Task goal -> Set the data down again, exactly as it reads, but without the pictures.

Available data ->

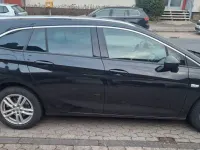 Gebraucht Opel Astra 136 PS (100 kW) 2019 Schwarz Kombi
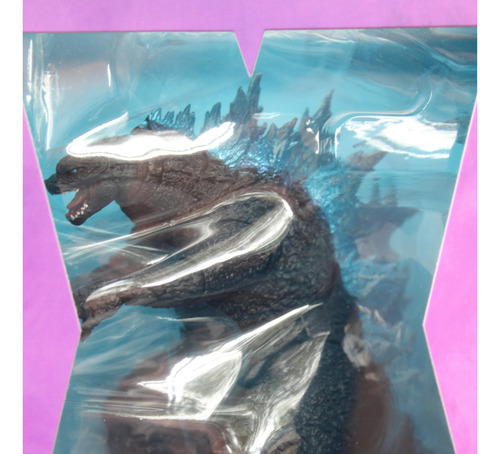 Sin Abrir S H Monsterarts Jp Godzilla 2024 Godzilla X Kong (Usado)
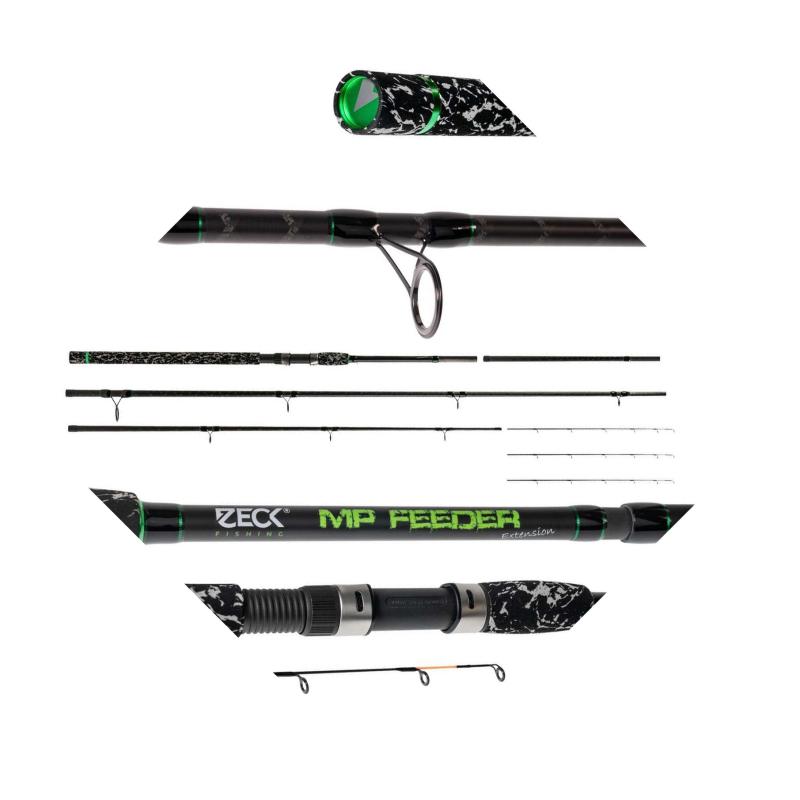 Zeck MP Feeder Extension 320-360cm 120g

Expected answer ->
 Gebraucht Opel Astra 136 PS (100 kW) 2019 Schwarz Kombi
 Sin Abrir S H Monsterarts Jp Godzilla 2024 Godzilla X Kong (Usado)
 Zeck MP Feeder Extension 320-360cm 120g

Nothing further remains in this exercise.